Are Investors Driven to Trade?

On 07/26/2012, in Investment Strategies, by Jordan Wilson

I like a general buy and hold philosophy for investing. Find solid, well-diversfied, low-cost investments (i.e., passively managed index funds), acquire by dollar cost averaging, and only adjust holdings to reflect your target asset allocation over time.

But can investors follow this model?

Or are we hard-wired to be traders? 

Are Investors Driven to Trade?

In Why Your Brain is Killing Your Portfolio, the Wall Street Journal considers this question. The article makes some interesting points.

In a study published last month in the Journal of Neuroscience, researchers from California Institute of Technology, New York University and the University of Iowa looked at how people use past rewards to predict future payoffs.
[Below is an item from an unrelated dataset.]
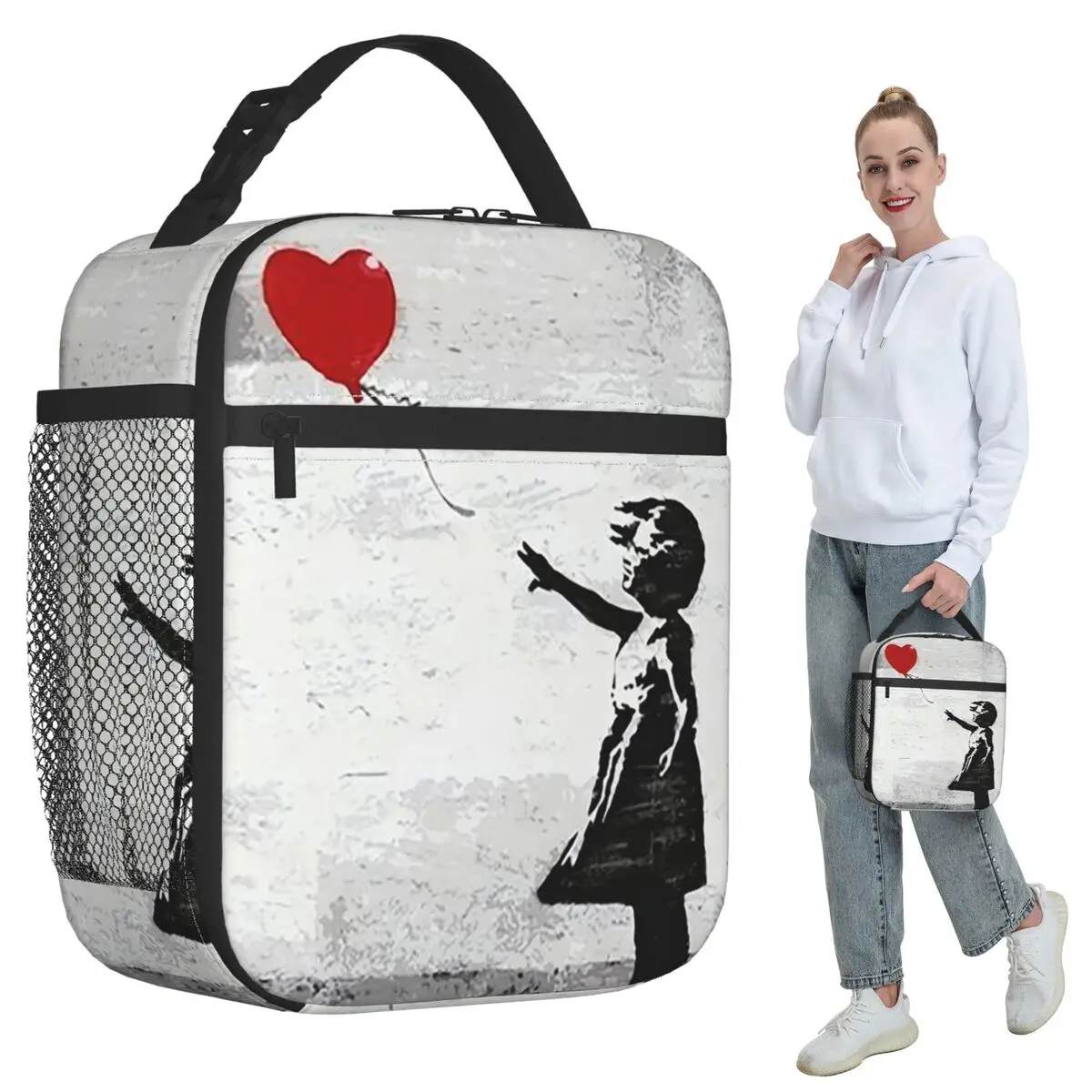 Banksy Street Pop Art 여성용 사각형 절연 도시락 가방 사무실 쿨러..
The neuroscientists found that the two control groups tended to make their next bet based largely on how much a slot machine had paid off on the two most recent bets.

Almost as soon as the pattern of payoffs appeared to change, the participants in the control groups dumped one slot machine and jumped to the next. Although they did take longer-term results partly into account, “the healthy subjects appeared to be extrapolating their most recent experience into the future and choosing predominantly on that basis,” says Nathaniel Daw, a neuroscience professor at NYU who helped conduct the study.

In short, people make future decisions largely based on recent actual results.

Smart, not so smart? No idea. But how does this relate to investing?

How This Relates to Investing

Well, if you have ever read a mutual fund prospectus (or managed to read the fine print on a mutual fund television commercial), you will always encounter the phrase, “past performance is no guarantee of future results.” Or something similar.

And that is quite true.

Among the mutual funds that were in the top half of performers in late 2009, according to Standard & Poor’s, only 49% of them still remained in the upper half a year later; a year after that, only 24% were left. That is just about what you would get if you flipped a coin. Trying to find the winners is futile if victory is determined largely by luck.

That means it is difficult for an actively managed mutual fund to consistently outperform its peers. If you are investing based on the latest hot fund manager (and paying higher management fees for that privilege), you may be shifting your money around every year or two (and often incurring transaction costs and triggering tax payable when you do).

That leads back to my buy and hold approach above. But perhaps our brains make it tough to follow this philosophy.

When confronted with the unpredictable, however, the frontopolar cortex refuses to admit defeat. It draws on all your computational abilities to search for patterns in random data.

In the absence of real patterns, it will detect illusory ones. And it will prompt you to act on them.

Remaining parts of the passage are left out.